Idea 2: Let’s hope you did not read this far. I don’t know. Truly, I am trying to psych myself up. I am on my first ever sabbatical in 14 years of teaching. A paid semester. I have already fucked up the first month by watching the first three seasons of Mad Men. Then I read a Danielle Steele novel, A Perfect Life, when I found out that Danielle Steele novels are the most sought-after literature in men’s prisons in the vicinity of Buffalo, New York. Things are not going that well. I am going to go with the three day cleaning and then one week of bibliomancy situation.

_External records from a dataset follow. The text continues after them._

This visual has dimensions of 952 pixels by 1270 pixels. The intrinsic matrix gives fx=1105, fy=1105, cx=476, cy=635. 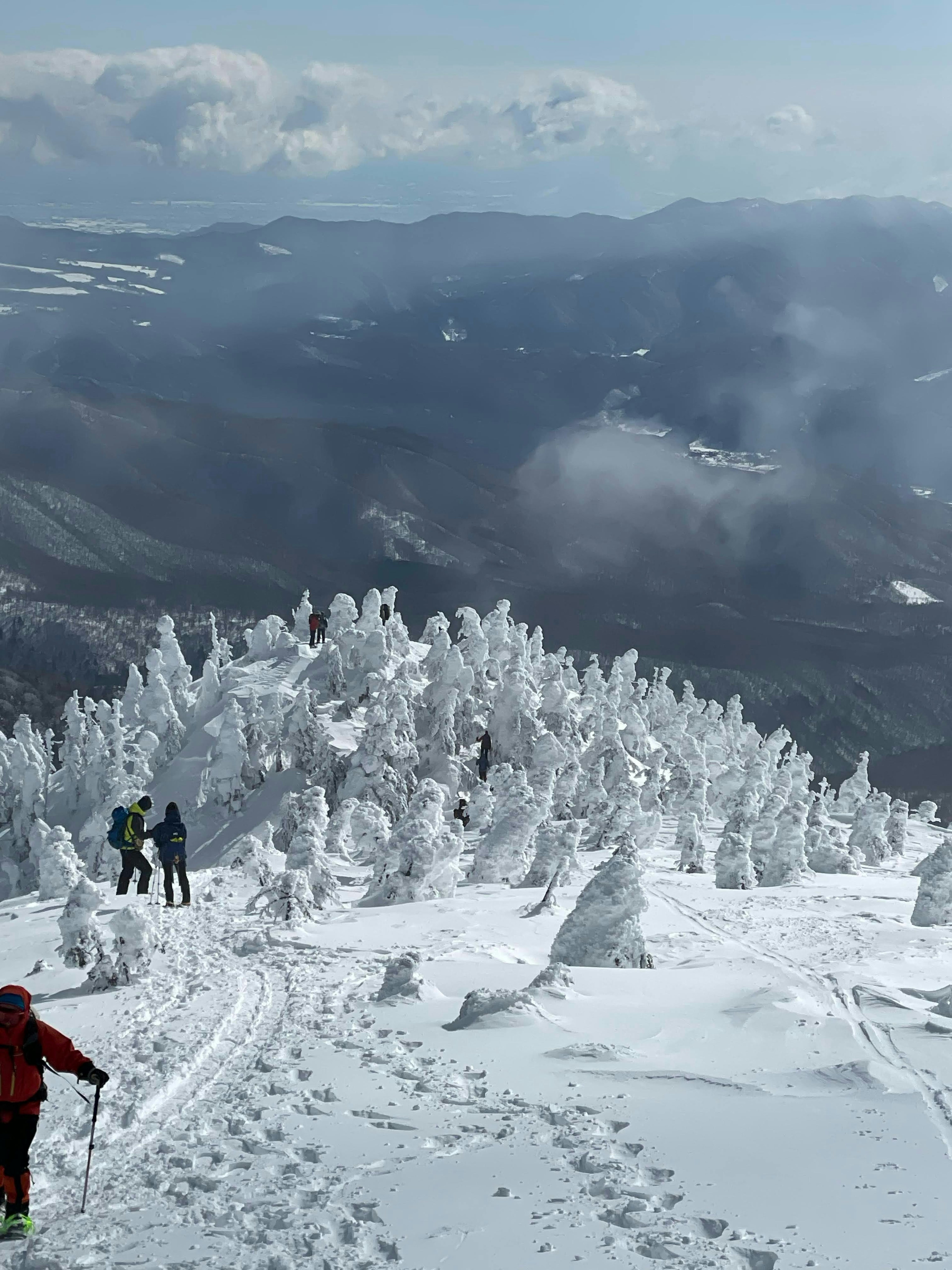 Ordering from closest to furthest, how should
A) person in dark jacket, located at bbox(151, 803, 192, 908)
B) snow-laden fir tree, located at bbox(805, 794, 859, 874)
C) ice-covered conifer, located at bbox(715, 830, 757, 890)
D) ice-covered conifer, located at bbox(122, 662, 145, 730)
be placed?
1. person in dark jacket, located at bbox(151, 803, 192, 908)
2. ice-covered conifer, located at bbox(715, 830, 757, 890)
3. snow-laden fir tree, located at bbox(805, 794, 859, 874)
4. ice-covered conifer, located at bbox(122, 662, 145, 730)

No. That feels like something I’ve already done.

Idea 3: Write forward and when blanked out: turn to notebooks as an aid to memory. This is linearity and glitter. How many Bans can you write? I want to write one that is like a vector. That might then be read. In the place I am from. At the last possible moment, we now have the nostalgic, proto-colonial, write yourself home theory of writing-desire. Okay, that’s it. Where’s the ox blood? Where is my lowest bone?

 


Bhanu Kapil is the author of five full-length collections of writing that are not actually writing: they hold the place for – a novel or other kind of work – that has not yet come to be. What would it be like to sustain a particular world? An immigrant’s child by birth and then a real one, immigrant, by fate, Bhanu lives in Colorado where she teaches fiction, poetry and other practices of descent at The Jack Kerouac School of Disembodied Poetics. Most recently, in San Franscisco, she was a keynote presenter at From Trauma to Catharsis: Performing the Asian Avant-Garde, a symposium curated by Sean Labrador y Manzano at California Institute of Integral Studies. A book-shaped space, BAN en BANLIEUE, will be published by Nightboat Books in October 2014. In addition to her flourishing career as a failed British novelist, Bhanu maintains a widely read blog, Was Jack Kerouac A Punjabi, intended to cheer up anyone who reads it.